Estudos da família de padrões de herança, bem como estudos de gêmeos e de adoção de pessoas com transtorno bipolar têm revelado que parentes de primeiro grau de indivíduos afetados têm um risco maior de desenvolver sintomas bipolares. Ainda assim, uma criança de um bipolar e um pai nonbipolar têm menos de 15% de chance de desenvolver a doença, embora essas chances possam aumentar se houver outras pessoas na família que têm um transtorno de humor.
Estudos de gémeos idênticos têm mostrado que se um gêmeo é bipolar, o outro tem pelo menos uma possibilidade de 85% de desenvolver a doença. Gêmeos certamente compartilham muitos dos mesmos fatores ambientais, bem como, tanto no útero e durante toda a infância, mas a experiência compartilhada, e não leva em conta a probabilidade extremamente alta de que os gêmeos geneticamente predispostos irá compartilhar o transtorno.
Por isso, é estabelecido que o transtorno bipolar tende a ocorrer em famílias. Mas agora, com o genoma humano mapeado, os cientistas estão começando a identificar os genes reais que estão ligadas à desordem.


 

Genética do Transtorno Bipolar


Dentro dos últimos anos, os investigadores identificaram vários genes que parecem estar associadas com a doença. Uma vez que um certo número de genes envolvidos no desenvolvimento de doença bipolar, os padrões de herança não são simples, como indicado pelo facto de que as crianças de um pai bipolar apresentam um risco relativamente baixo de desenvolver a doença. Todos aqueles que podem ter uma predisposição genética não necessariamente sempre acabam desenvolvendo sintomas bipolares.

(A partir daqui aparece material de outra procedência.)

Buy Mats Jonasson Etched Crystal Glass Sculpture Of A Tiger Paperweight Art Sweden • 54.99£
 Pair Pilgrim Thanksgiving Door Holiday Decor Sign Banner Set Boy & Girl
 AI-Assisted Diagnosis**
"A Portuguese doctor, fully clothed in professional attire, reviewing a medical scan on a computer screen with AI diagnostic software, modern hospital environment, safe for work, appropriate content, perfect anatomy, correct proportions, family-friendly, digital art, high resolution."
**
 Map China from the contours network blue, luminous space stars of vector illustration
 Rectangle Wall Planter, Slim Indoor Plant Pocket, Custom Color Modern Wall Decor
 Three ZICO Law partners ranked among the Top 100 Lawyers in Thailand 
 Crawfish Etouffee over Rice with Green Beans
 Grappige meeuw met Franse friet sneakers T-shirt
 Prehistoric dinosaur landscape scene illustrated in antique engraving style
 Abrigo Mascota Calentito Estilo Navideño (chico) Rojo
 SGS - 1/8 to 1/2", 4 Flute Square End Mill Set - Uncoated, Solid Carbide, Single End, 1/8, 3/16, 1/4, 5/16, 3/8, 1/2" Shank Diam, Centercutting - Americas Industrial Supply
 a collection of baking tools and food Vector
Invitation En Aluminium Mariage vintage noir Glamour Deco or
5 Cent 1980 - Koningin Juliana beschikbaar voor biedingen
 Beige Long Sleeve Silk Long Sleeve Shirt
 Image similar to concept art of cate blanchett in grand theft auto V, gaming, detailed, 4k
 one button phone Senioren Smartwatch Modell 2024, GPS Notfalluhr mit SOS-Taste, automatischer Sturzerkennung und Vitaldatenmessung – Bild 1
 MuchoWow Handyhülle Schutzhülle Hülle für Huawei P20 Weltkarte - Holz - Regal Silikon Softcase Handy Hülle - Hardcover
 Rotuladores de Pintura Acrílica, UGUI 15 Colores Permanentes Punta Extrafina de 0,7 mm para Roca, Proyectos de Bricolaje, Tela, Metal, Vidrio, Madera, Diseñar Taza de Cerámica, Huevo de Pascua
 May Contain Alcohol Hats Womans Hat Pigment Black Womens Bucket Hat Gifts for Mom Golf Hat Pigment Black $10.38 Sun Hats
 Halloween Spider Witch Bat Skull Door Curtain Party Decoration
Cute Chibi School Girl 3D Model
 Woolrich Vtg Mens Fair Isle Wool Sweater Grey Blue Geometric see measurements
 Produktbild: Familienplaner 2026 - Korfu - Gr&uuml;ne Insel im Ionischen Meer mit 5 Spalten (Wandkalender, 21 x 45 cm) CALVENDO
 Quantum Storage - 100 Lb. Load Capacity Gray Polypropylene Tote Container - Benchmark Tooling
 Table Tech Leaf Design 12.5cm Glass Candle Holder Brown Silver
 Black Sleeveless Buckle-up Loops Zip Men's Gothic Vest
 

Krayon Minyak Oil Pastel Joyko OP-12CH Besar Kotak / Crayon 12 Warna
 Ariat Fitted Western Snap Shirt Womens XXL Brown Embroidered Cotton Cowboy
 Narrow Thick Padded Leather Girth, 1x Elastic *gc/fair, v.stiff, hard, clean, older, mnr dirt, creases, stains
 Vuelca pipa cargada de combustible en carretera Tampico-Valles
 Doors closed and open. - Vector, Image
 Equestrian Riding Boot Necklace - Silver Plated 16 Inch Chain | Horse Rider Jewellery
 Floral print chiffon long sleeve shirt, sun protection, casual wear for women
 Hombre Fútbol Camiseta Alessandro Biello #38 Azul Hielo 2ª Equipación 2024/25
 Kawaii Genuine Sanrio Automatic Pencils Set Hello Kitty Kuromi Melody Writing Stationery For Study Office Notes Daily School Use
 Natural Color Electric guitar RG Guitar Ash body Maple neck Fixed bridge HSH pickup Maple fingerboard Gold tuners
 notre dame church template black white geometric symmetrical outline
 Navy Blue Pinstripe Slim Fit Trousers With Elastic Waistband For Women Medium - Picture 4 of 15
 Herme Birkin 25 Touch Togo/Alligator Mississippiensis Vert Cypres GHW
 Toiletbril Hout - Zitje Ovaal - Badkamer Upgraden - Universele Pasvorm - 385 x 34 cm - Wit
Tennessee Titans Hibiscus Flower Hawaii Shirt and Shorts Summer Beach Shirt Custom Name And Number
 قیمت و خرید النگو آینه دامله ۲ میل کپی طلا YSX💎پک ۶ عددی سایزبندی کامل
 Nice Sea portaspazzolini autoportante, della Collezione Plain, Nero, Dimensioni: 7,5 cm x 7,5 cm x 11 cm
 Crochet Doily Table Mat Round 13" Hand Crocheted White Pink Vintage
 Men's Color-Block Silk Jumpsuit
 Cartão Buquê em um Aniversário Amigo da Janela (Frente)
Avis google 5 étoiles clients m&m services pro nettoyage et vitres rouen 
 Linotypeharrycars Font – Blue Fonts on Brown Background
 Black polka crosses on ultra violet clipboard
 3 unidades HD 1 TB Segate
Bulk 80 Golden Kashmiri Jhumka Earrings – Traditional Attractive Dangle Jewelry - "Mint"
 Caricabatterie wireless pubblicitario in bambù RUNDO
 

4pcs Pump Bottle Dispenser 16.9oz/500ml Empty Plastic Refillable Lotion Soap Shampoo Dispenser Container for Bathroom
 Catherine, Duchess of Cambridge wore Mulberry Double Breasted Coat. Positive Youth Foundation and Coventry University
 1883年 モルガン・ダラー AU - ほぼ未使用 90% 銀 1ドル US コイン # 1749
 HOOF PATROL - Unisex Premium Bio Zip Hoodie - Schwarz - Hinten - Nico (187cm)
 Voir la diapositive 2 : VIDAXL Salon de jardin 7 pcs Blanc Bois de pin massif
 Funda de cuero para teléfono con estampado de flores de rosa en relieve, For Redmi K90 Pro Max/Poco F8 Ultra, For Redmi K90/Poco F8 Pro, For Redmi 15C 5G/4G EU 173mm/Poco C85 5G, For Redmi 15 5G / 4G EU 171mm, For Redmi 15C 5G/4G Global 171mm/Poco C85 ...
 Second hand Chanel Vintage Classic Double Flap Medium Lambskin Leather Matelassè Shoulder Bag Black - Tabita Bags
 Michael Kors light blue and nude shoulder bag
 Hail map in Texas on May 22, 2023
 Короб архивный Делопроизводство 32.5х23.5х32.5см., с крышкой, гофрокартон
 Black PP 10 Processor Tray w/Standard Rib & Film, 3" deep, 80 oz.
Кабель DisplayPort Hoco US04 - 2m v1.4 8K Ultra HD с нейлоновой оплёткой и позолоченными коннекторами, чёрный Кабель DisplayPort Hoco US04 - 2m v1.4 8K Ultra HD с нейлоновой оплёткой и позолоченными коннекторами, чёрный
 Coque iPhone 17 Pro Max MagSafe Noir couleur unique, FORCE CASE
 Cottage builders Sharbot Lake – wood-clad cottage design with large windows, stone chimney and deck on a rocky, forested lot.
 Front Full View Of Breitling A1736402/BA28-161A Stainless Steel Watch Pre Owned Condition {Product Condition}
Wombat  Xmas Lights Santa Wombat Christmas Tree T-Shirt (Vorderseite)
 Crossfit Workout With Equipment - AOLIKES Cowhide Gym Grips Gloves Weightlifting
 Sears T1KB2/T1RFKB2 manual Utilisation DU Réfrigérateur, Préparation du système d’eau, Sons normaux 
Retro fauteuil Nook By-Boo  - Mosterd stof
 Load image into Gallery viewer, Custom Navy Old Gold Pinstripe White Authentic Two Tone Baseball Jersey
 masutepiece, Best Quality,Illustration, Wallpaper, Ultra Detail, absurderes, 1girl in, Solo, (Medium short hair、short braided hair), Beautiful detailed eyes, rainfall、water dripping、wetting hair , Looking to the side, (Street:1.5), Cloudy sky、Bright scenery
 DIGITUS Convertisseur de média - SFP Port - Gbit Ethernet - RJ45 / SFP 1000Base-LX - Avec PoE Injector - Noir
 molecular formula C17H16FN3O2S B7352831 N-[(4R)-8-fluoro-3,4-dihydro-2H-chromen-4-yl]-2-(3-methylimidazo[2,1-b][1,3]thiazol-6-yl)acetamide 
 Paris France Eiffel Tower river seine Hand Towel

O envolvimento de vários genes, sugere que uma variedade de problemas bioquímicos podem ocorrer em indivíduos que possuam uma predisposição genética para a doença bipolar, e que, talvez, o tipo específico e um número de anormalidades genéticas contribuem para a forma como a doença manifesta-se em um indivíduo.

Nossa compreensão de doenças genéticas explodiu desde a conclusão do Projeto Genoma Humano (HGP) em 2003 - Este projeto de 13 anos foi lançada em colaboração entre o Departamento de Energia dos EUA 

quinta-feira, 4 de abril de 2013

Bipolaridade e Comorbidades

 

 

Comorbidade


O termo "comorbidade" significa a presença de mais de um transtorno em um mesmo indivíduo num determinado período de tempo. A comorbidade do transtorno bipolar (TAB) com outros transtornos psiquiátricos é muito comum e se associa a um pior quadro e pior resposta ao tratamento.
Entre os transtornos psiquiátricos presentes na comorbidade com o transtorno bipolar, podemos ter:


  • Transtornos Ansiosos ou de Ansiedade
  • TOC ( Transtorno Obssessivo Compulsivo )
  • Transtorno de Déficit de Atenção e Hiperatividade (TDAH)
  • Transtornos do Controle de Impulsos
  • Transtornos Alimentares
  • Transtornos de Personalidade
  • Abuso ou dependência de Álcool e Substâncias

Em recente estudo sobre comorbidades em pacientes bipolares, feito em  2005 por Krishnan,  foi encontrado em 50% à 70% dos pacientes com transtorno bipolar algum tipo de comorbidade psiquiátrica.

sexta-feira, 29 de março de 2013

Tipos de Bipolaridade





 Aceita-se a divisão do transtorno afetivo bipolar em dois tipos: 


O tipo I e o tipo II.


 O tipo I

 É a forma clássica em que o paciente apresenta os episódios de mania alternados com os depressivos. As fases maníacas não precisam necessariamente ser seguidas por fases depressivas, nem as depressivas por maníacas. Na prática observa-se muito mais uma tendência dos pacientes a fazerem várias crises de um tipo e poucas do outro, há pacientes bipolares que nunca fizeram fases depressivas e há deprimidos que só tiveram uma fase maníaca enquanto as depressivas foram numerosas.


 O tipo II 

 Caracteriza-se por não apresentar episódios de mania, mas de hipomania com depressão.
Outros tipos foram propostos por Akiskal, mas não ganharam ampla aceitação pela comunidade psiquiátrica. Akiskal enumerou seis tipos de distúrbios bipolares.